Great job! And great idea to use up old sheets!


----------



## farmwoman59 (Aug 7, 2008)

What size strips did you cut the sheets into? It looks like a very good way to use the fitted sheets I have that are still in good shape everywhere except the middle.


----------



## SimplyErin (May 29, 2014)

I cut the strips of sheet yarn approximately 1 1/4" strip or a bit wider. I do not measure just eyeball it. Rag rug making is just so fun to me and I give them as presents.


----------



## farmwoman59 (Aug 7, 2008)

Thanks! Now to round up the old sheets!


----------



## Belfrybat (Feb 21, 2003)

Very, very nice. I'm trying to figure out how you got the heart shape.


----------



## SimplyErin (May 29, 2014)

I actually made a tutorial that is on YouTube that I show and teach how to get the heart shape. 

If you are a crocheter I can give you a breif description.

Four chain stitches at the bottom. Single crochet the next rows and add an extra crochet stitch on the on end of each row as you go up the V. 

Once you make the V as high as you want. Do 5 to 9 straight even single crochet row stitches. 

Establish the center and make it so you know where to end each lob of the heart. When you start each row of lob go to the 3rd stitch in so you are decreasing. This gives you the curve. 

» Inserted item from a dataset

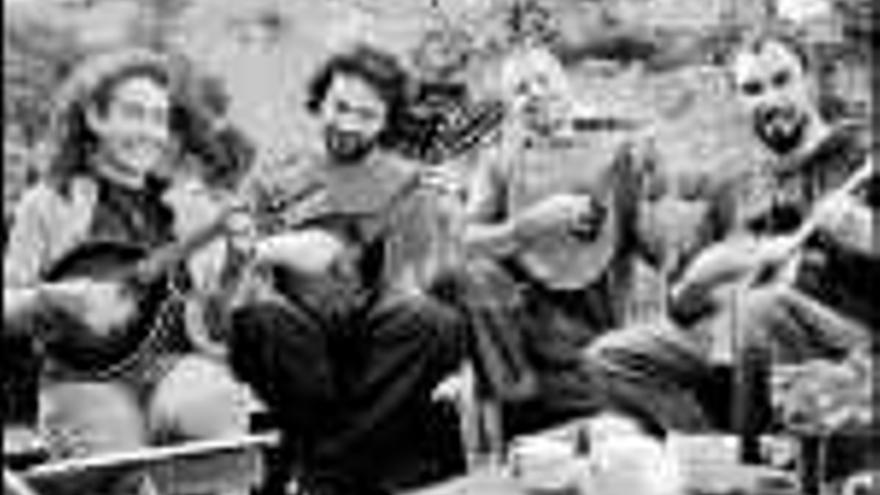 Los cuatro integrantes del grupo folk Macfeck.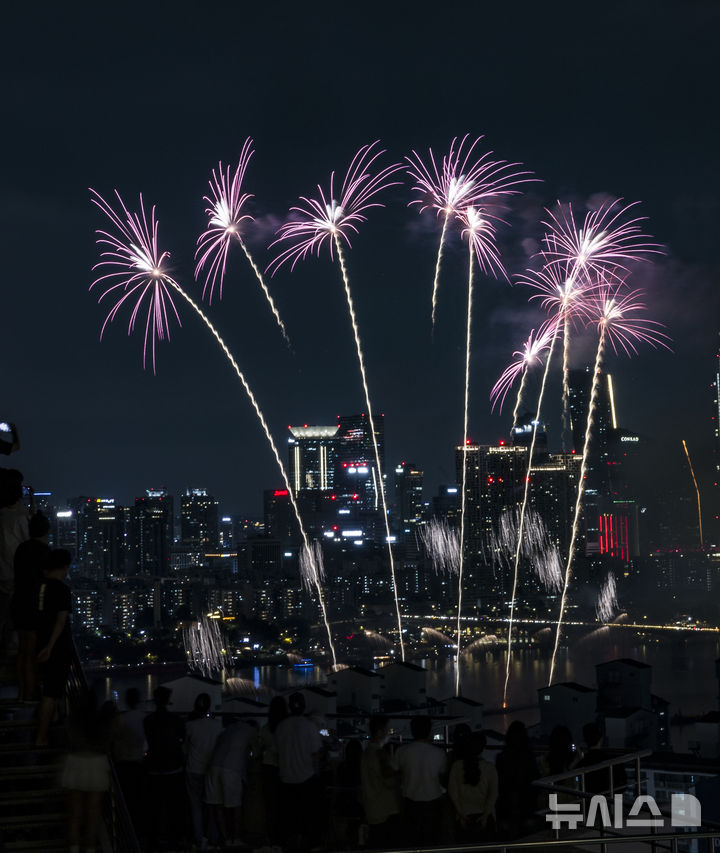 [서울=뉴시스] 김근수 기자 = 27일 오후 서울 여의도 한강공원 일원에서 2025 서울세계불꽃축제가 열리고 있다. 2025.09.27. ks@newsis.com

I do the tutorial in 3 parts and show close ups and detail. You can view it if you would like to see all the little tricks. 


I made 3 of them they were so fun and easy (Once I worked out the bugs.)

[ame]https://www.youtube.com/watch?v=SXLP1OIzTvg[/ame]


----------



## LuLuToo (Dec 19, 2015)

Very nice!

LuLu


----------



## DW (May 10, 2002)

That is very cute...I need to remember this!


----------



## ladidotti (Dec 24, 2015)

This is such a great way to re-purpose "left-overs" that would otherwise wind up as rags or in the trash. I was wondering if you've ever done something in crochet with old t-shirts? I have a growing pile of them that I've "inherited" from family members and am not sure what approach to take since the t-shirts are various fabric blends. Considering the fact that they are used and a bit tired, should this even be an issue? 
If anyone has any pointers for this I would appreciate any advice that's out there. I haven't really started searching the internet on this yet, but if you can save me a step or two I will gladly accept!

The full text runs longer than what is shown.